WHAT TO DO ->
Output a character-exact copy of the data, images removed.

GIVEN DATA ->
========

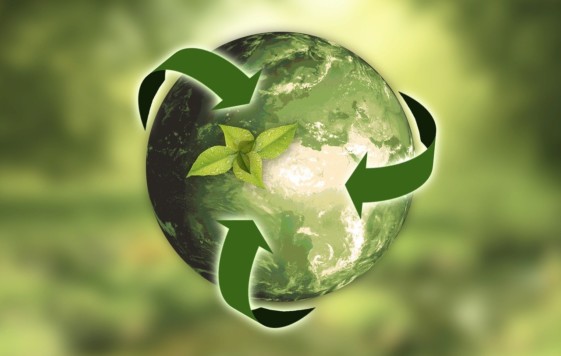 Sustainability pic: green earth circled by green arrows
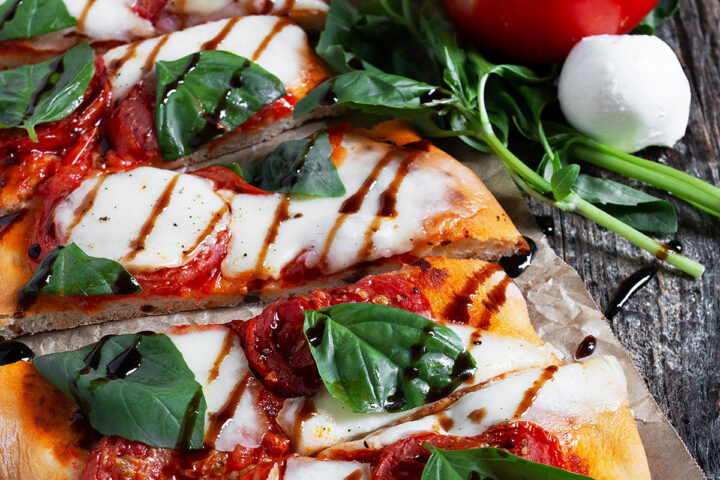 Tomato bocconcini flatbread sliced on parchment paper.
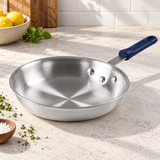 14" Natural-Finish 3003 Aluminum Fry Pan with Silicone Handle on a restaurant preparation counter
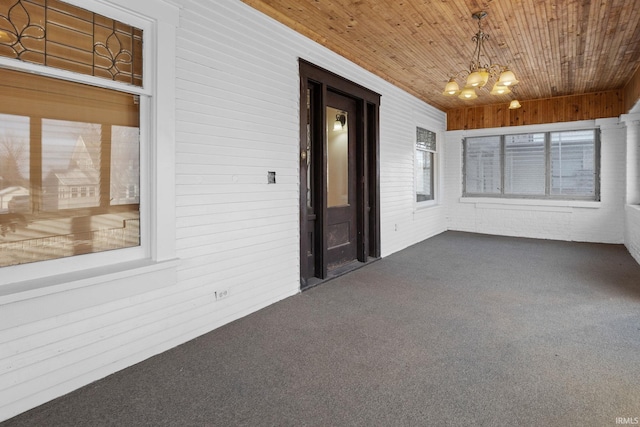 unfurnished sunroom with wooden ceiling and an inviting chandelier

========

SOLUTION ->
 Sustainability pic: green earth circled by green arrows
 Tomato bocconcini flatbread sliced on parchment paper.
 14" Natural-Finish 3003 Aluminum Fry Pan with Silicone Handle on a restaurant preparation counter
 unfurnished sunroom with wooden ceiling and an inviting chandelier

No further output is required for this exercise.